Mais de um terço (35%) dos analfabetos brasileiros com mais de 15 anos
já frequentou, alguma vez na vida, uma escola.
É o que mostra um cruzamento feito por técnicos
do Inep (Instituto Nacional de Estudos e Pesquisas Educacionais
Anísio Teixeira), do Ministério da Educação,
a partir de dados da Pnad (Pesquisa Nacional por Amostra de
Domicílios) de 2001 do IBGE.
A constatação indica que não basta colocar
todos os analfabetos brasileiros na sala de aula para erradicar,
de forma instantânea, o analfabetismo no Brasil.
Segundo a Pnad 2001, o Brasil tem 15 milhões de analfabetos
com mais de 15 anos.
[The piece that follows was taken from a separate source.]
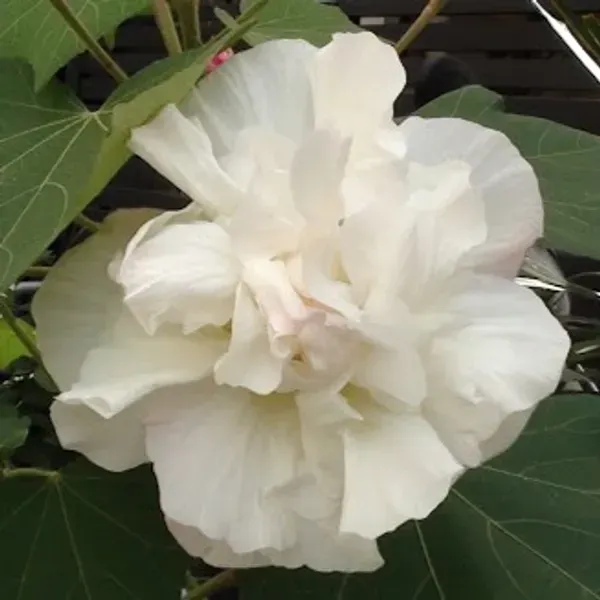 Land_Lotus_Thoka_Variety_Flower_Plant_White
Se a experiência escolar dos analfabetos
que já frequentaram a escola tivesse sido bem-sucedida
no seu rudimento mais elementar (aprender a ler e escrever),
o país teria 5 milhões a menos de brasileiros
que não sabem ler ou escrever um bilhete simples -a
taxa de analfabetismo entre adultos cairia de 12,4% para 8%.
O levantamento feito pelos técnicos do Inep mostra
que a imensa maioria (82%) dos analfabetos que já passaram
pela escola frequentaram o ensino fundamental, mas 13% deles
fizeram cursos de alfabetização de adultos.
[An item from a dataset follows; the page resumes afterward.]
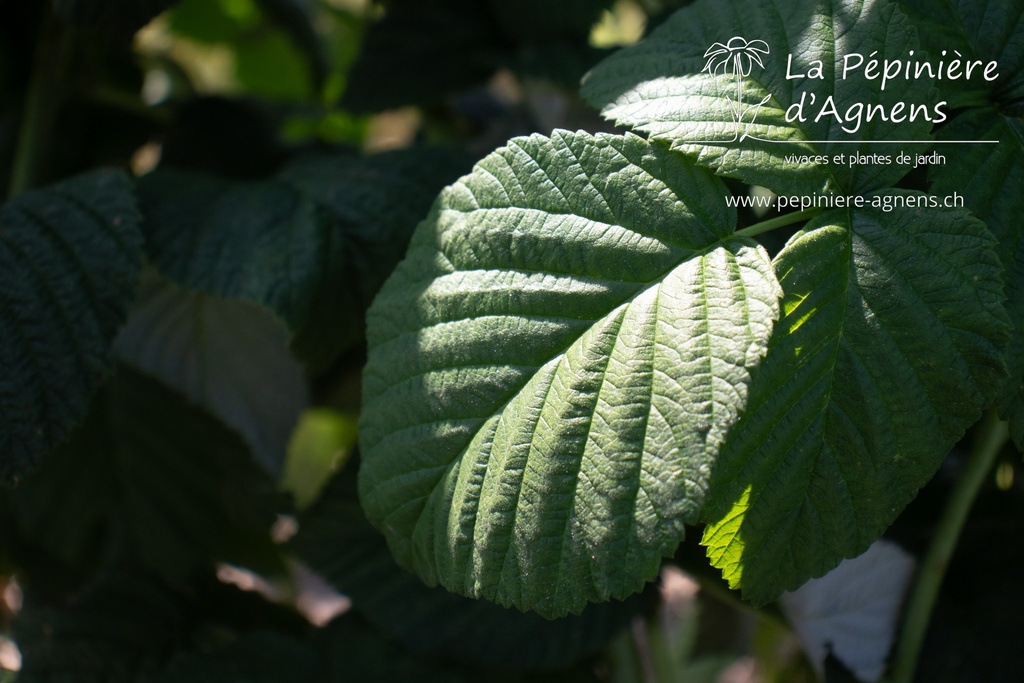 Rubus (3) idaeus 'Herbstgold'- La pépinière d'Agnens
O Inep fez também o mesmo cruzamento a partir dos
dados do Censo 2000 e descobriu que, em 74% dos casos, os
analfabetos que frequentaram escolas chegaram a completar
ao menos um ano de estudo. Ou seja, eles chegaram ao fim,
ao menos, da 1ª série.
Para o consultor João Batista Oliveira, ex-secretário-executivo
do Ministério da Educação, os dados sugerem
que a experiência desses analfabetos com a escola foi
curta e sem sucesso.
"Há uma relação forte de insucesso
na escola e abandono. Muitos desses analfabetos ficaram pouco
tempo no sistema. Mesmo que você aprenda a ler e escrever,
se não atingir um nível mínimo de proficiência
na leitura, a tendência é acontecer a regressão
ao analfabetismo. Os governos insistem em cometer os mesmos
erros, apostando em programas relâmpago", disse
Oliveira.
Para ele, o problema não está apenas nos rápidos
cursos de alfabetização de adultos, mas também
na escolha de um método ultrapassado para alfabetizar
as crianças. "Não adianta combater o analfabetismo
adulto se não for corrigido o problema lá embaixo",
afirmou Oliveira.
O secretário extraordinário de erradicação
do analfabetismo do Ministério da Educação,
João Luiz Homem de Carvalho, afirmou que uma pesquisa
qualitativa feita pelo ministério neste ano já
havia demonstrado que um grupo significativo de analfabetos
teve alguma experiência escolar.
"Muitos analfabetos contaram que foram à escola,
mas que, por diversas razões, tiveram que abandonar
os estudos. O motivo mais comum do abandono era a necessidade
de trabalhar na roça", relatou Carvalho.
Para o secretário, além do abandono da escola
para trabalhar, a estatística de analfabetos é
engrossada por brasileiros que chegaram a aprender a ler e
escrever, mas que, por falta de uso ou de continuidade das
políticas públicas de acesso à educação,
acabaram voltando a ser iletrados.
Além disso, ele aponta o problema de cursos de alfabetização
malfeitos. "Há cursos de alfabetização
que não são suficientes para ensinar a pessoa
a ler e escrever, da mesma maneira que existem também
cursos superiores que não preparam bem o aluno."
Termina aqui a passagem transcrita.